Should the spec address nesting limits?

Some Markdown implementations (like Sundown) will stop parsing inlines and blocks once the parser hits a certain nesting level. There are a couple reasons for this, but I think the most common one is preventing user-supplied Markdown from causing a stack overflow.

For example, here’s what the reference C implementation does if you supply it with 50000 nested emphasis inlines:

$ python -c 'print ("_*" * 25000) + "foo" + ("*_" * 25000)' | valgrind ./stmd > /dev/null
==8528== Memcheck, a memory error detector
==8528== Copyright (C) 2002-2013, and GNU GPL'd, by Julian Seward et al.
==8528== Using Valgrind-3.10.0.SVN and LibVEX; rerun with -h for copyright info
==8528== Command: ./stmd
==8528== 
==8528== Stack overflow in thread 1: can't grow stack to 0xfe116fec

Obviously not ideal when dealing with untrusted input, so should the spec address this by adding a “reasonable” limit on nesting levels for inlines / blocks, or should it be left up to implementers to decide? What should a parser do once it hits its nesting limit?

Apart from maliciously constructed input, I think it’s even more likely that non-Markdown input such as binary files incorrectly interpreted as Markdown will cause implementations to fail in ways that no spec could ever predict.

In practice there will always be limits for implementations. If it’s not a nesting limit, then it’s a document size limit. It depends on the implementation whether and when such a limit is hit. Some implementations might use tail-recursion or some other optimization and will never hit a nesting limit. Other implementations might be constrained by their hardware, platform or libraries and hit some limit much sooner. Most limits aren’t clear-cut and depend on too many factors.

Therefore any limit that would be specified in the spec is too restrictive for some, and too liberal for others. In my opinion implementations should set their own limits, if possible at all, and simply fail if a limit is hit or a document can’t be rendered. Very few documents will ever hit these limits in any implementation.

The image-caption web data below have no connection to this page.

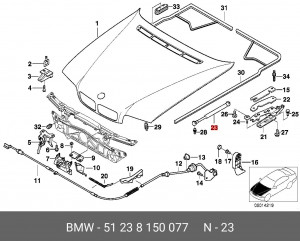 Амортизатор капота 51 23 8 150 077 BMW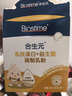合生元（BIOSTIME）乳铁蛋白儿童增强免疫力 小金盾HMO免疫球蛋白粉30袋 实拍图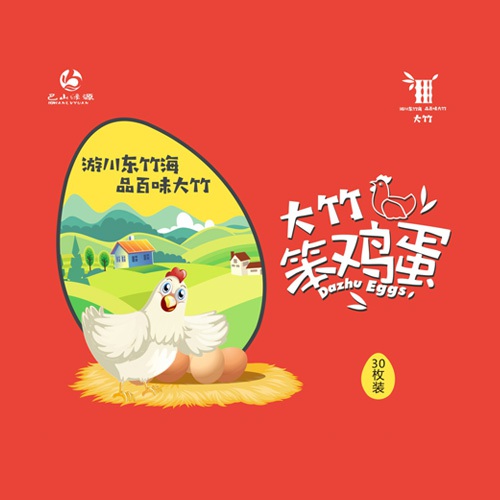 食品包裝設計-達州市特色農產(chǎn)品笨雞蛋包裝設計公司_土雞蛋禮品盒創(chuàng  )意包裝設計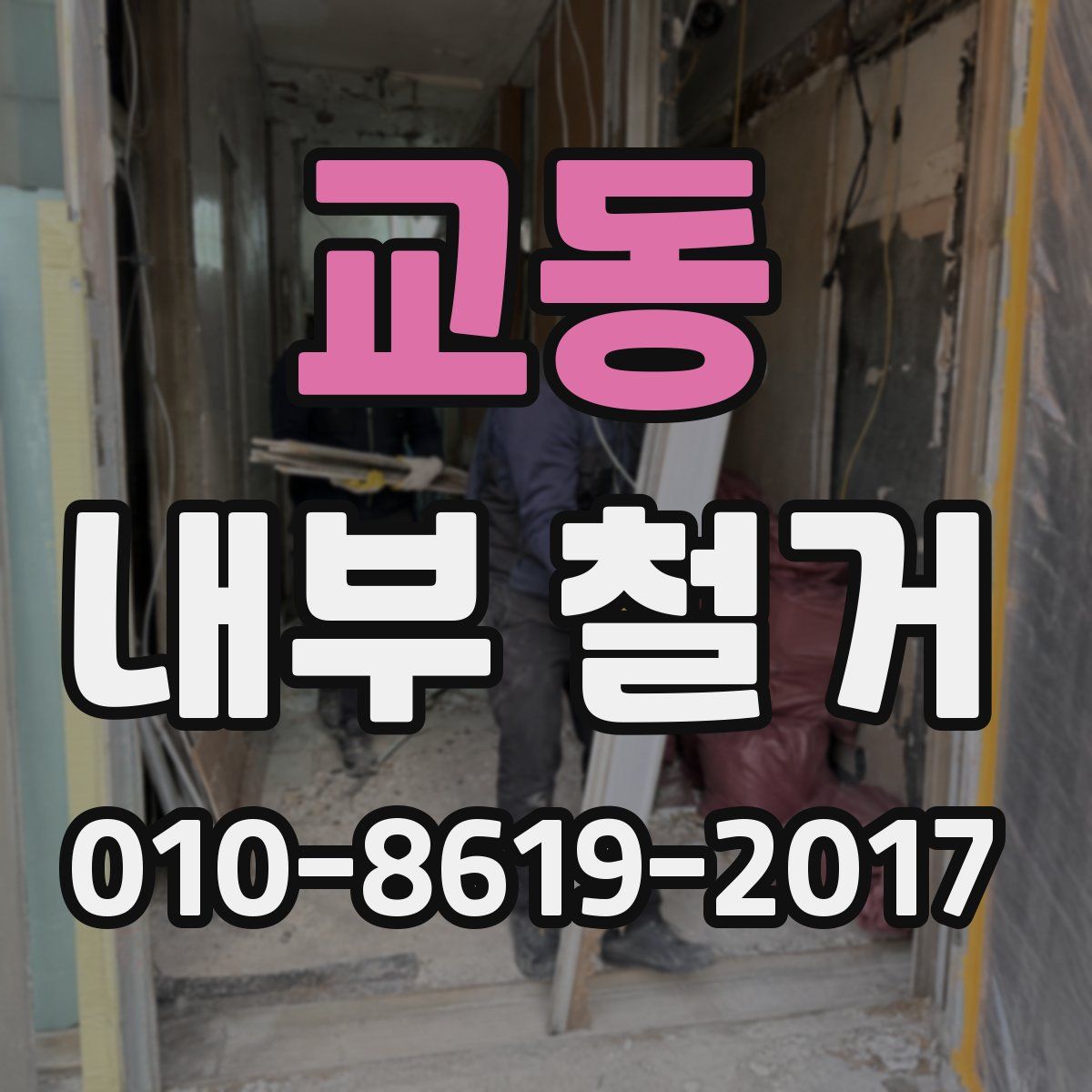 교동 내부 철거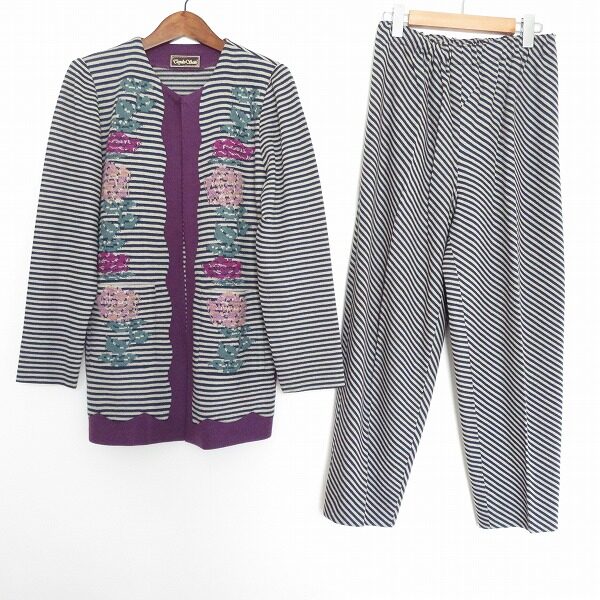 斉藤都世子のセットアップを買取しました｜ボーダーと花の組み合わせがグー！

I think the behavior when a document can’t be rendered must not be part of the spec either. Some implementations can decide to produce the part of the document that did succeed up to now, other implementations throw an exception or return an error code. There is no one-size-fits-all solution.

5 Likes

True, but the latter can be dealt with outside the implementation proper by checking the length of the input.

That seems reasonable to me, although I think we should be explicit about what a parser may take into account when deciding it can’t render the document as provided. Something that decides to stop parsing inlines after a certain depth a la Sundown should still be considered compliant, but something that refuses to render any documents containing "f"s shouldn’t.

Even better if a certain baseline level of functionality is guaranteed like “Parser behaviour is undefined when the nesting level passes 100.”

But how would you decide to put the limit at say 100? Why not 150, or 50? How can an implementation guarantee it can reach that limit of 100? For example, 75 inlines in 50 nested lists in 25 block quotes could be within spec limits, yet unrenderable. Or 50 inlines in a pretty large document could push the application over its limits, whereas it would be fine in a smaller document. Bottom line is that it would be impossible to predict all the possible interactions between inputs and the implementations.

You are assuming perfect implementations, that can identify all possible corner cases and react appropriately. This is not reasonable. Instead, I propose to simply let an implementation fail whenever it happens, and let it handle that failure however it appropriate for the implementation.

Additionally this would make implementations perform a little better, as they don’t have to be checking limits all the time.

[quote=“Virtlink, post:4, topic:602”]
But how would you decide to put the limit at say 100? Why not 150, or 50?[/quote]

It’s an arbitrary limit, but it would be pretty silly to call an implementation that couldn’t handle triply-nested <em>s compliant. You need some point where you can say “if it can’t handle this, it doesn’t handle CommonMark.”

[quote=“Virtlink, post:4, topic:602”]
How can an implementation guarantee it can reach that limit of 100? […] You are assuming perfect implementations, that can identify all possible corner cases and react appropriately. This is not reasonable.[/quote]

It don’t know that they’d need to formally prove they properly handle every possible range of input, but if it was shown that they could not it would be considered a spec compliance issue. Having all of these corner cases specified is why I like CommonMark.

What’s “it” here? The nesting issue or just general errors?

They needn’t check anything if they don’t want to, I’m saying that after a certain point the behaviour could be implementation-defined. It could continue normally, crash and burn, or make dragons fly out of your nose.

The CommonMark spec’s goal is to remove any differences and ambiguities in how input is handled by different implementations. While the nesting limit might indeed be different for different implementations, you’re not proposing how to handle them. Continue until an error occurs isn’t handling, and will still result in different outputs in different implementations.

And putting nesting limits in the spec still wouldn’t allow you to make statements about an implementation’s conformance to the spec, as implementations can’t guarantee these limits in all circumstances. Bugs, oversights, or unexpected resource constraints may cause the implementation to bail out both before and after the spec’s limit was reached.

Fatal errors will always occur. If it isn’t simply because of excess nesting, then it occurs due to something even more shady or a combination of factors. There will always be a difference between the theoretical ideal implementation with unlimited memory and processing power that is described by the spec, and the implementation in practice that is limited in different complicated ways. I wouldn’t add rules to the spec for only those theoretical ideal implementations, which actual implementations don’t check, cannot prove, and won’t guarantee.